[Start of section]

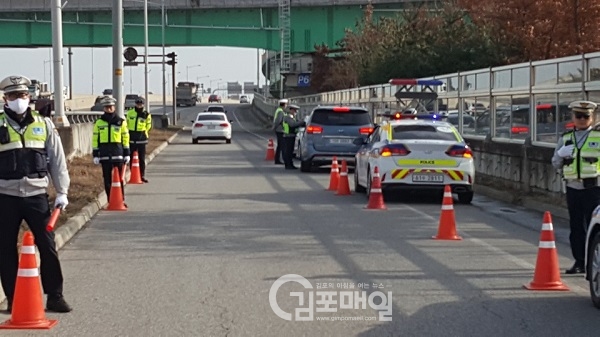 김포경찰서가 한강로 진출입로에서 전 좌석 안전띠 미착용과 자전거 음주운전에 대한 병행하는 특별단속을 벌이고 있다.(사진=김포경찰서)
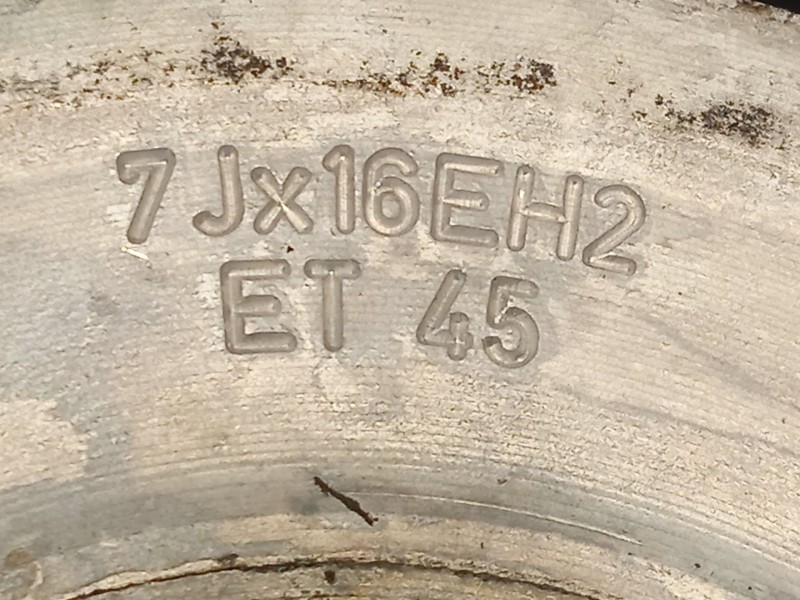 Recambio de llanta para volkswagen passat b6 (3c2) 2.0 tdi referencia OEM IAM 3C0601025C 3C0601025CZ33 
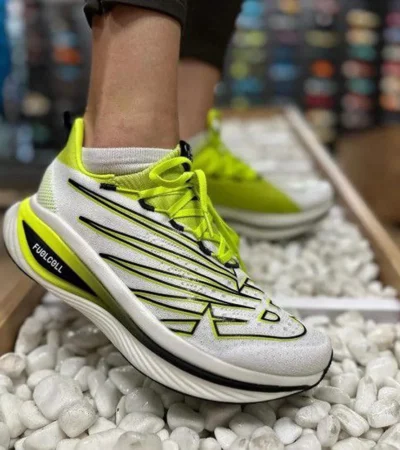 New Balance Fuel Cell Sc Elite V3 Green Shoes For Men (SZ44) - Image 2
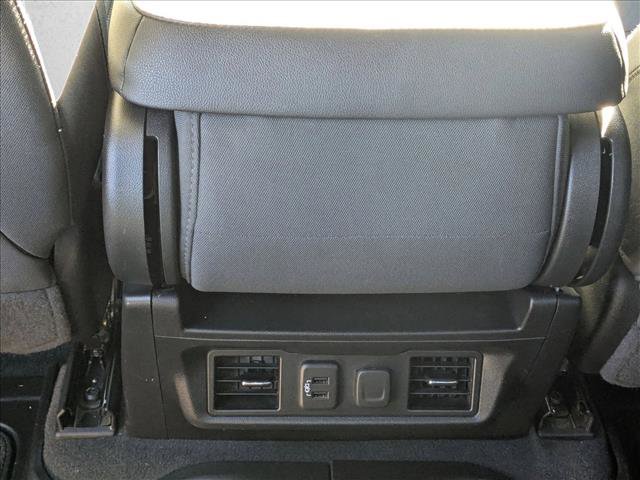Used 2021 Chevrolet Silverado 2500 LT w/ Convenience Package image 18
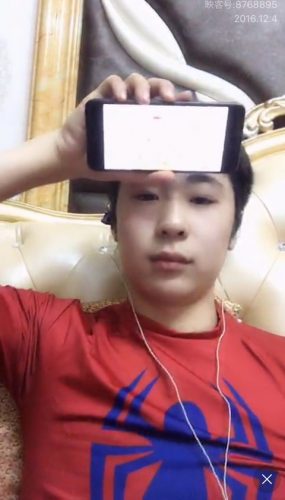 ボーヤン・ｼジンがPPAPのリズムに乗ってはにかむ映像を公開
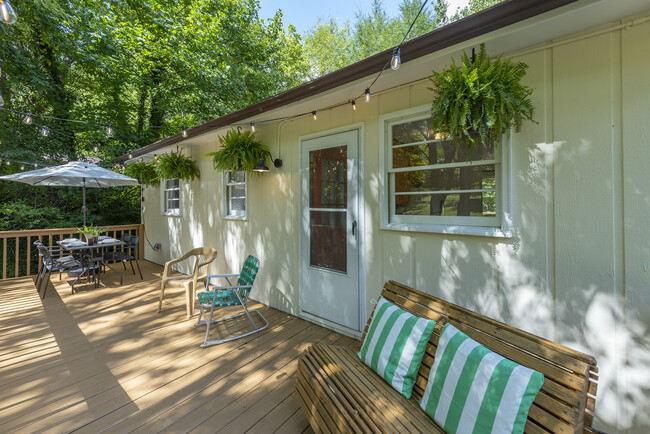 18 Jones Hillock Dr in Asheville, NC - Foto de edificio - Building Photo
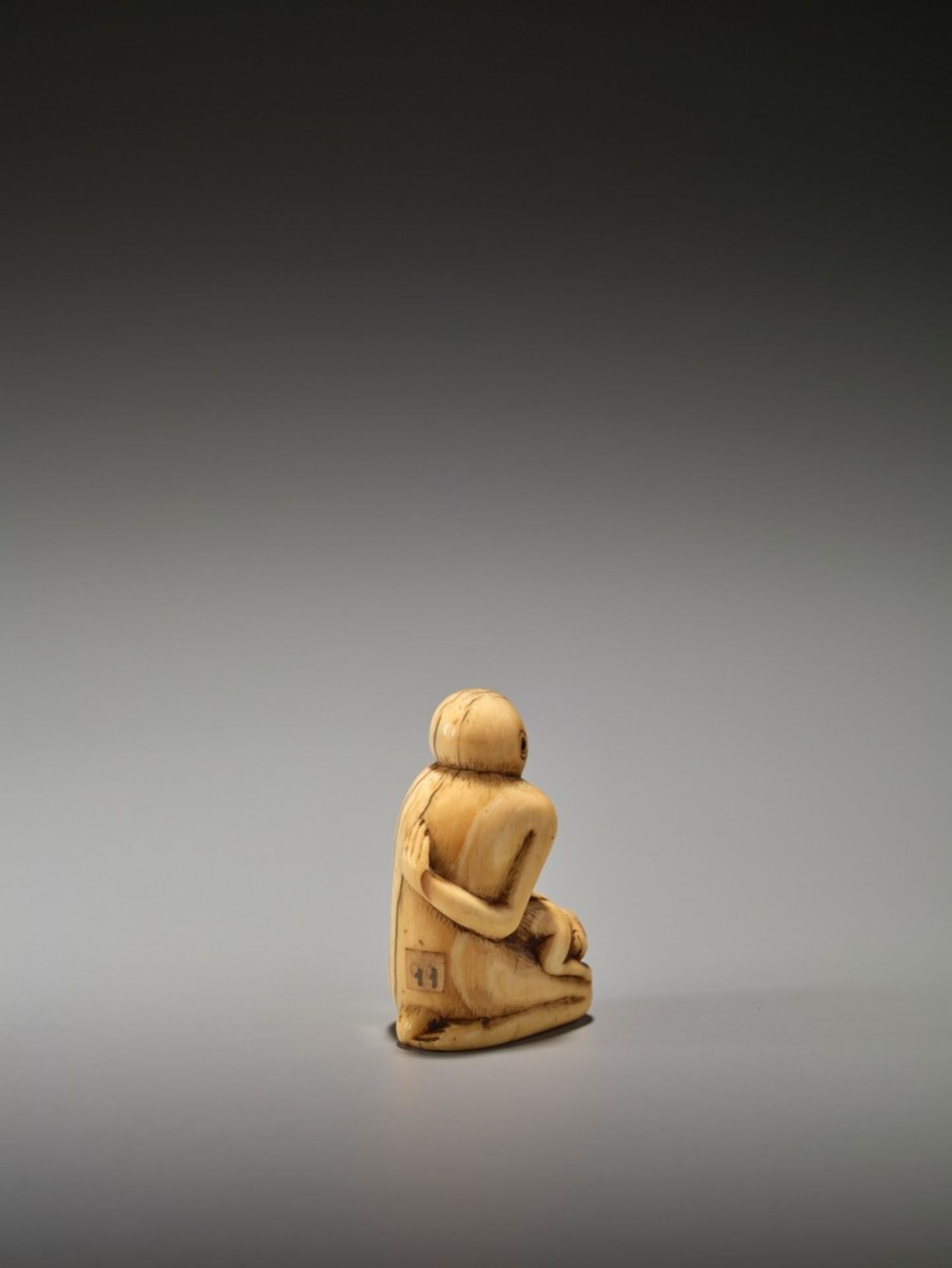 A RARE AND EARLY IVORY NETSUKE OF A MONKEY WITH YOUNG UnsignedJapan, 18th century, Edo period ( - Bild 8 aus 9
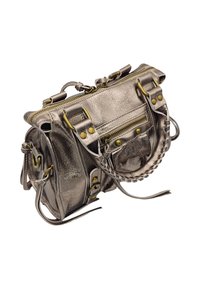 Sac à main argent métallique avec une finition texturée, deux zips sur le dessus, accents en or, anse tressée et poches latérales.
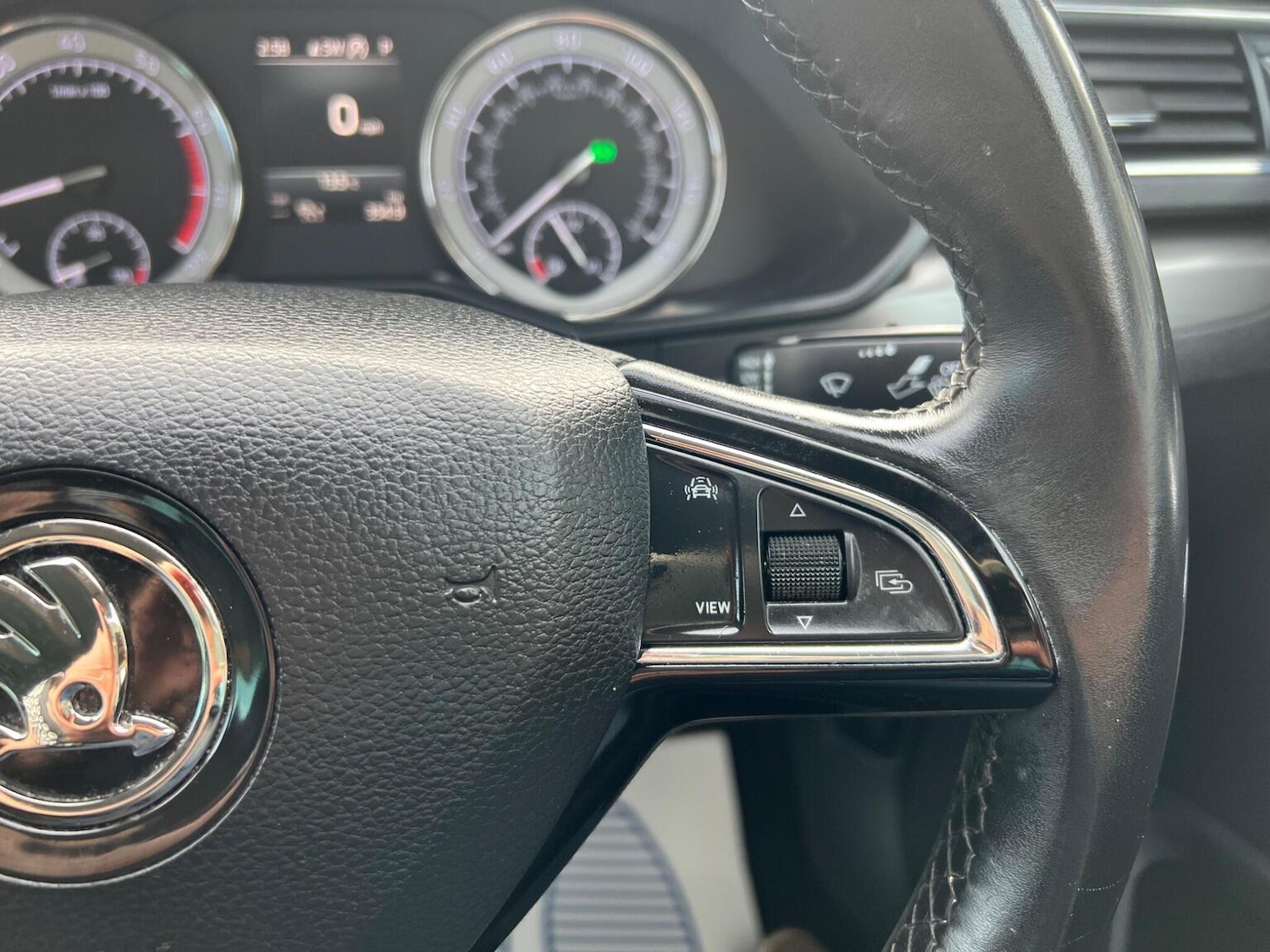 Used Skoda Superb 2019 for sale - 76358087: Photo 12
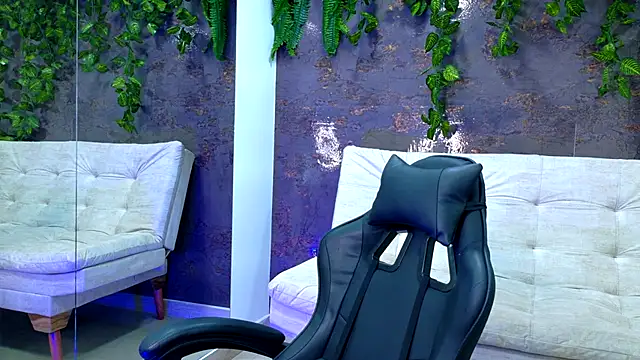 emily jones 1 online show from 11-10-25, 12:04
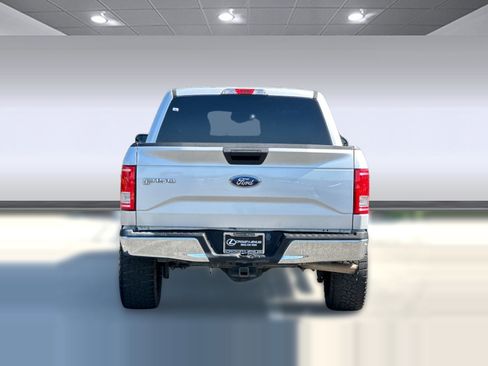 Used 2016 Ford F150 XLT image 10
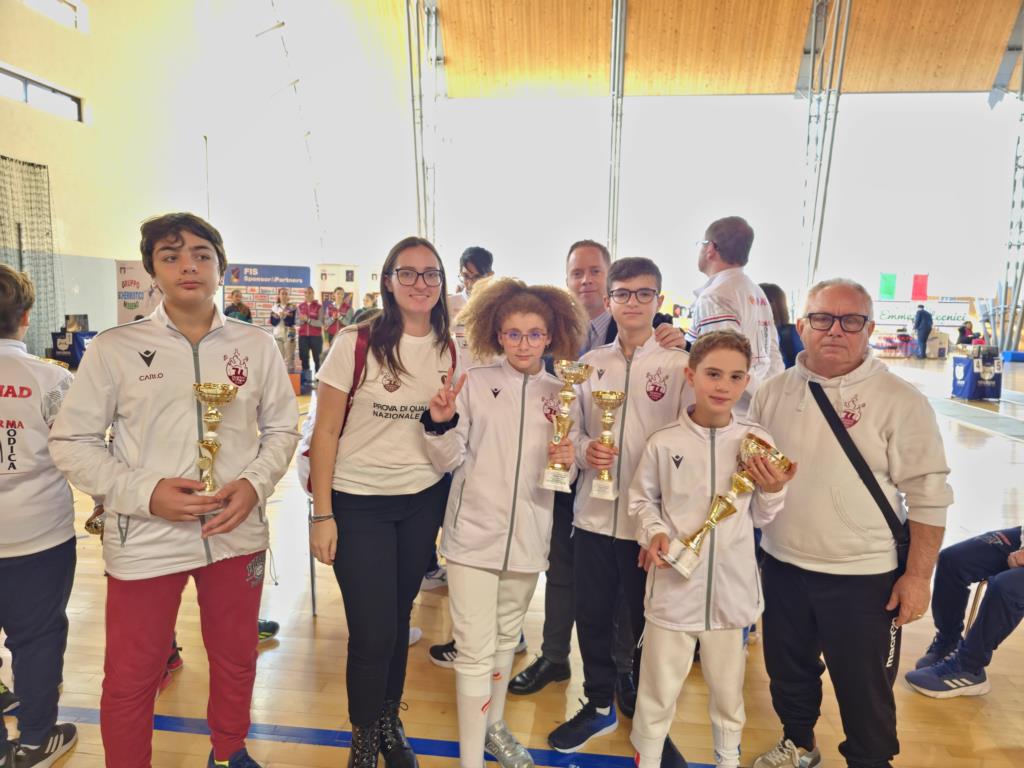 Straordinari risultati per gli atleti della Trapani Scherma alla 1^ Prova Under 14 a San Cataldo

[End of section]

* **What needs to be done**
Please output all of the entries exactly as they appear, with no pictures.

* **Your solution**
 김포경찰서가 한강로 진출입로에서 전 좌석 안전띠 미착용과 자전거 음주운전에 대한 병행하는 특별단속을 벌이고 있다.(사진=김포경찰서)
 Recambio de llanta para volkswagen passat b6 (3c2) 2.0 tdi referencia OEM IAM 3C0601025C 3C0601025CZ33 
 New Balance Fuel Cell Sc Elite V3 Green Shoes For Men (SZ44) - Image 2
Used 2021 Chevrolet Silverado 2500 LT w/ Convenience Package image 18
 ボーヤン・ｼジンがPPAPのリズムに乗ってはにかむ映像を公開
 18 Jones Hillock Dr in Asheville, NC - Foto de edificio - Building Photo
 A RARE AND EARLY IVORY NETSUKE OF A MONKEY WITH YOUNG UnsignedJapan, 18th century, Edo period ( - Bild 8 aus 9
 Sac à main argent métallique avec une finition texturée, deux zips sur le dessus, accents en or, anse tressée et poches latérales.
 Used Skoda Superb 2019 for sale - 76358087: Photo 12
 emily jones 1 online show from 11-10-25, 12:04
 Used 2016 Ford F150 XLT image 10
 Straordinari risultati per gli atleti della Trapani Scherma alla 1^ Prova Under 14 a San Cataldo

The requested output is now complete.